● **WHAT YOU NEED TO DO**: Nothing but the exact text of the entries should appear in your answer; pictures stay out.

● **Image-text web data**:

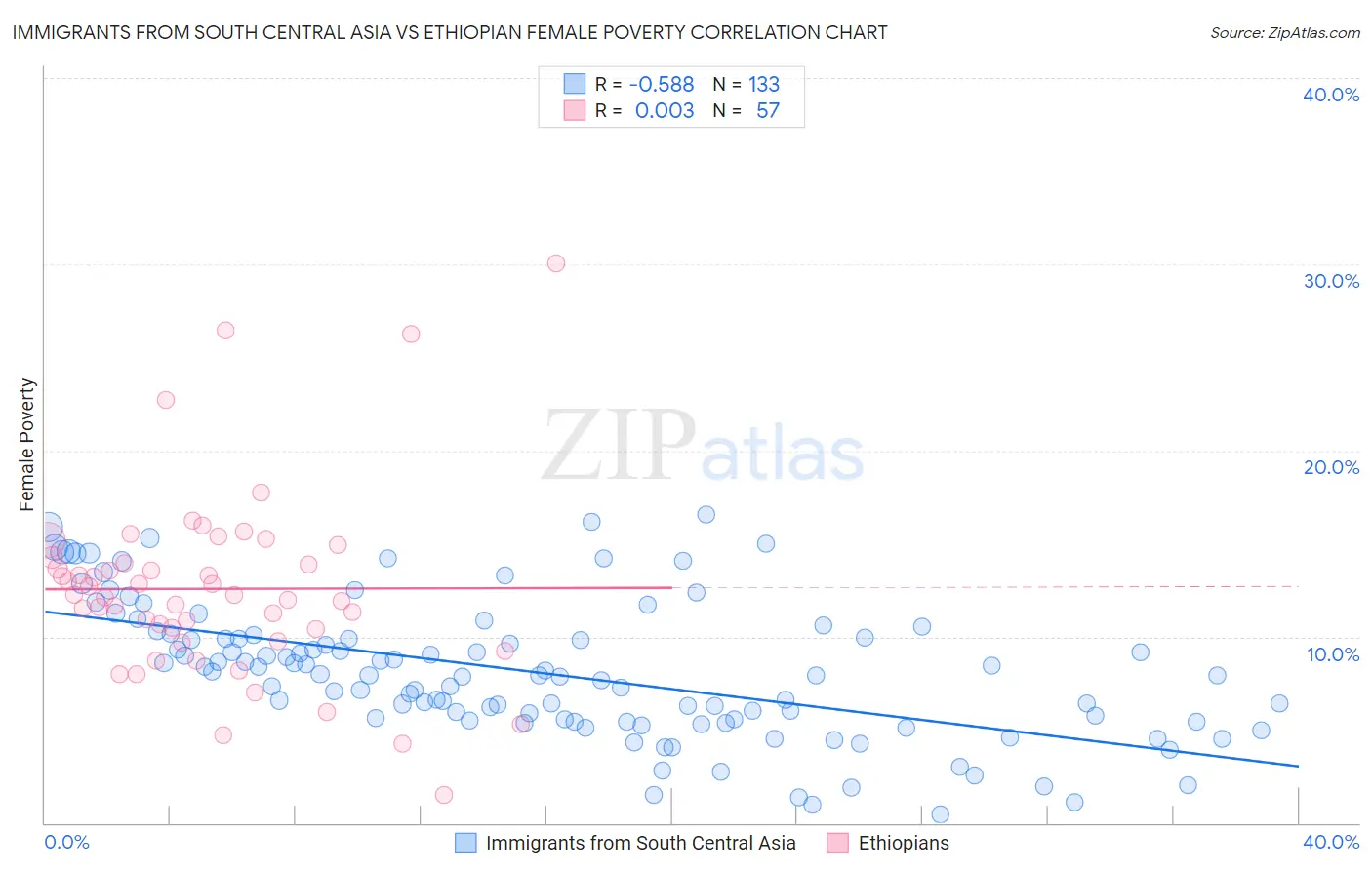 Immigrants from South Central Asia vs Ethiopian Female Poverty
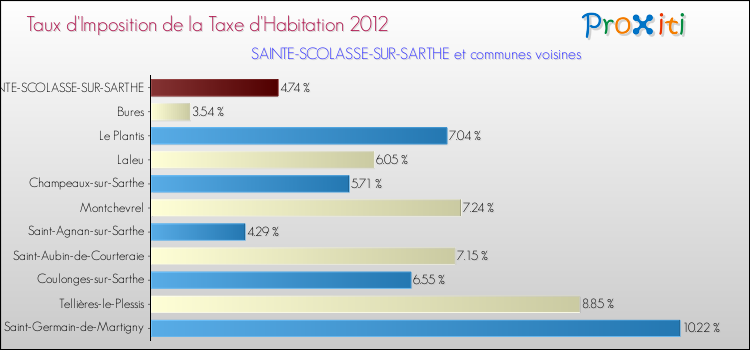 Taux d'imposition de la taxe d'habitation 2012 pour SAINTE-SCOLASSE-SUR-SARTHE et les communes proches Comparaison des taux d'imposition de la taxe d'habitation 2012 pour SAINTE-SCOLASSE-SUR-SARTHE et les communes voisines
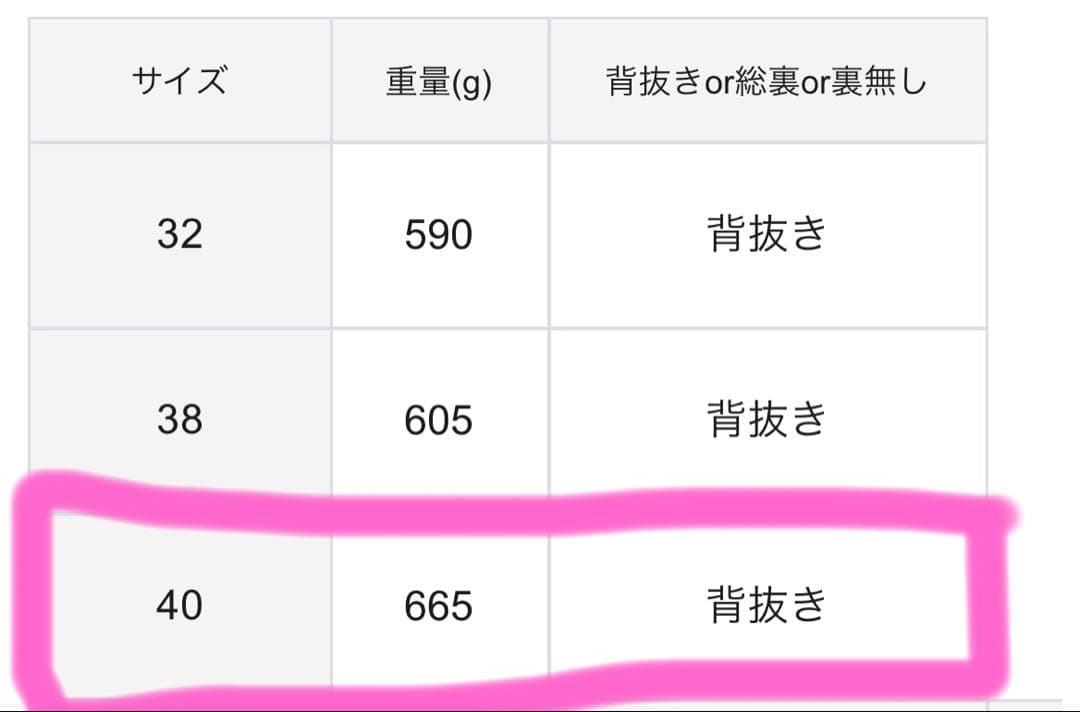 【美品】自由区　トロトレンチコート　サイズ40 ネイビー　定価64,900円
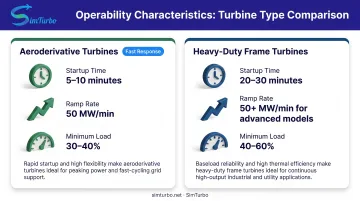 Gas turbine load-following capabilities showing startup times ramp rates and minimum load comparison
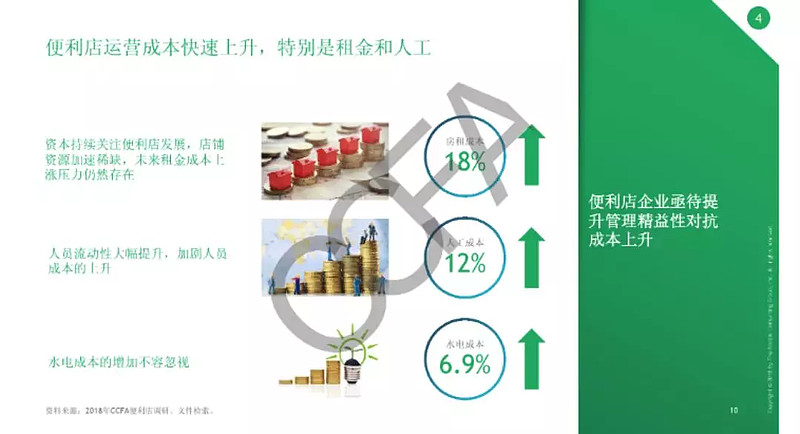 全家便利店兼职怎么样_全家便利店工资标准兼职_全家便利店招聘兼职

● **SOLUTION FOR THIS EXERCISE**:
 Immigrants from South Central Asia vs Ethiopian Female Poverty
 Taux d'imposition de la taxe d'habitation 2012 pour SAINTE-SCOLASSE-SUR-SARTHE et les communes proches Comparaison des taux d'imposition de la taxe d'habitation 2012 pour SAINTE-SCOLASSE-SUR-SARTHE et les communes voisines
 【美品】自由区　トロトレンチコート　サイズ40 ネイビー　定価64,900円
 Gas turbine load-following capabilities showing startup times ramp rates and minimum load comparison
 全家便利店兼职怎么样_全家便利店工资标准兼职_全家便利店招聘兼职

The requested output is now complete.